Fish habitats are in fluctuation. Climate change plays a role on where fish live, the size of fish populations, and the location of future fishing grounds. As marine ecosystems change with warming ocean temperatures, will seafood still be on the dinner menu? Learn more on "The Discovery Files."

Credit: National Science Foundation

Fish on the Menu?

This is The Discovery Files, from the U.S. National Science Foundation.

The commercial and recreational fishing industries provide 1.8 million jobs in the U.S. and generate over $255 billion per year.

We are the world's 2nd largest consumer of seafood, consuming 6.3 billion pounds annually, but productive fish species are in decline and could affect what's for dinner.
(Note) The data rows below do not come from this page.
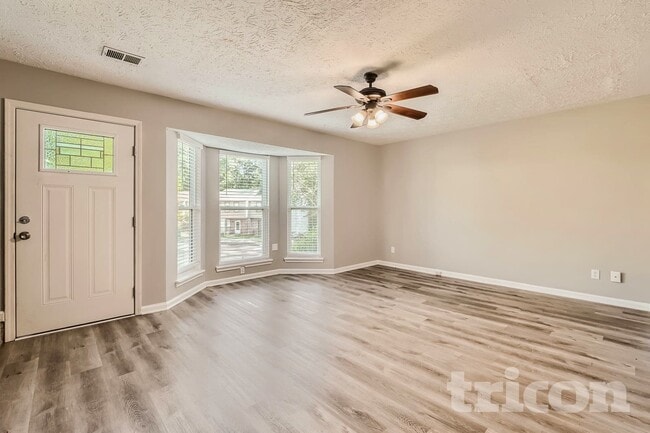 Photo - 126 Woodberry Ct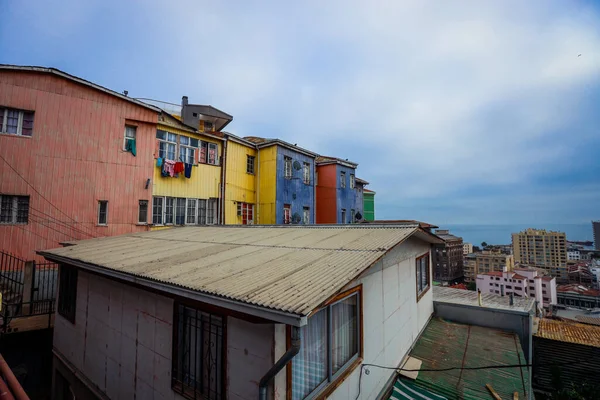 Valparaíso Chile Março 2020 Edifícios Multi Coloridos Com Pintura Brilhante — Fotografia de Stock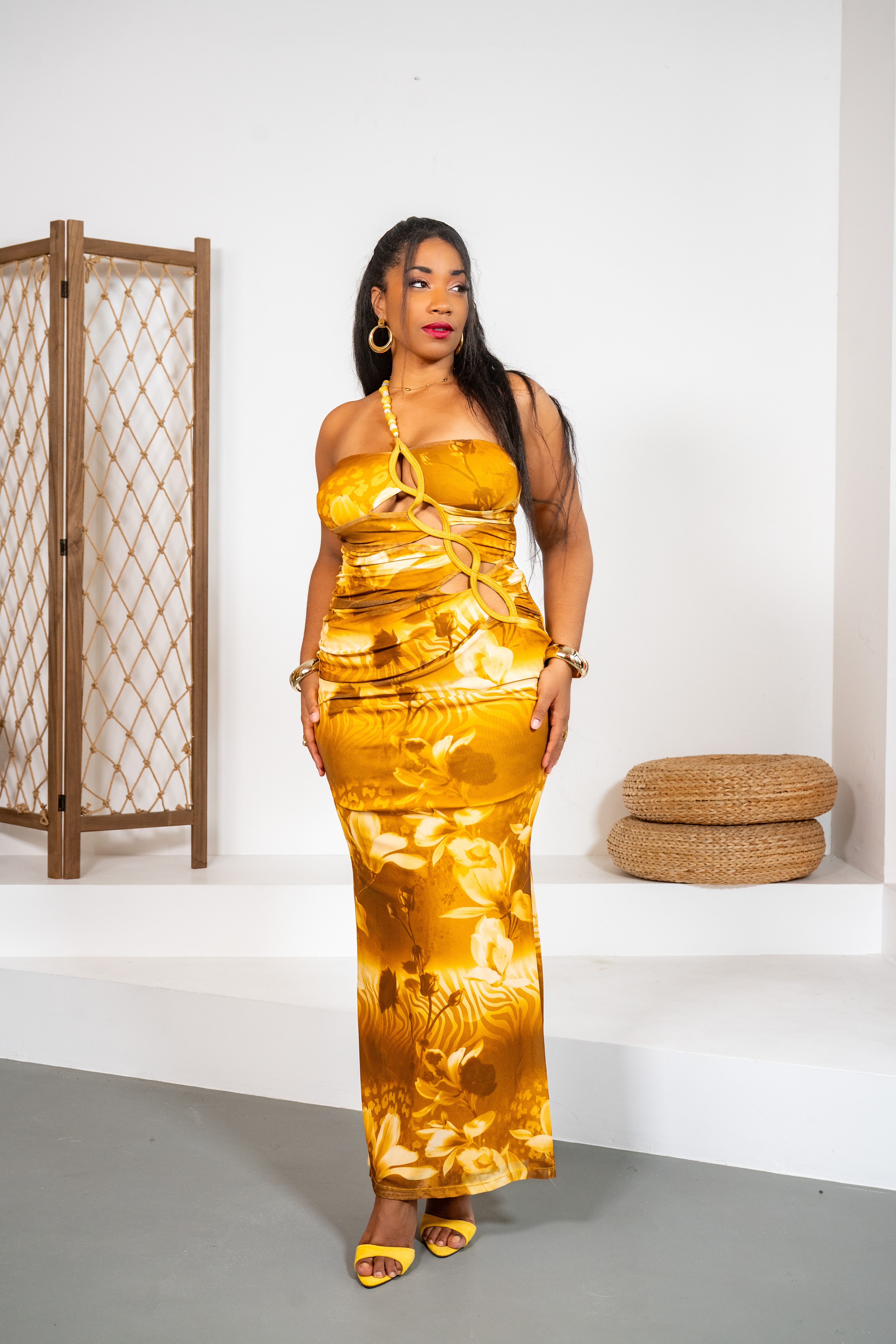 Paradise Muse - Robe jaune sculptante ajourée à perles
Supported by NSF, researchers at Rutgers University are studying how warming oceans are impacting marine predator and prey interactions.

While previous research focused on the impact of climate change on individual species, this new study took into account the interaction between species within the food chain.

This impact plays a role on where fish live, how abundant they are, and will affect the location of future fishing grounds where commercial companies trawl to put seafood on the menu.

This cascading food web effect will also impact how the U.S. manages its ocean resources to protect against overfishing.

The study presents a mixed picture of ocean health as the warming oceans will continue to present challenges for the marine ecosystem. Which will ultimately impact American jobs and a major food source.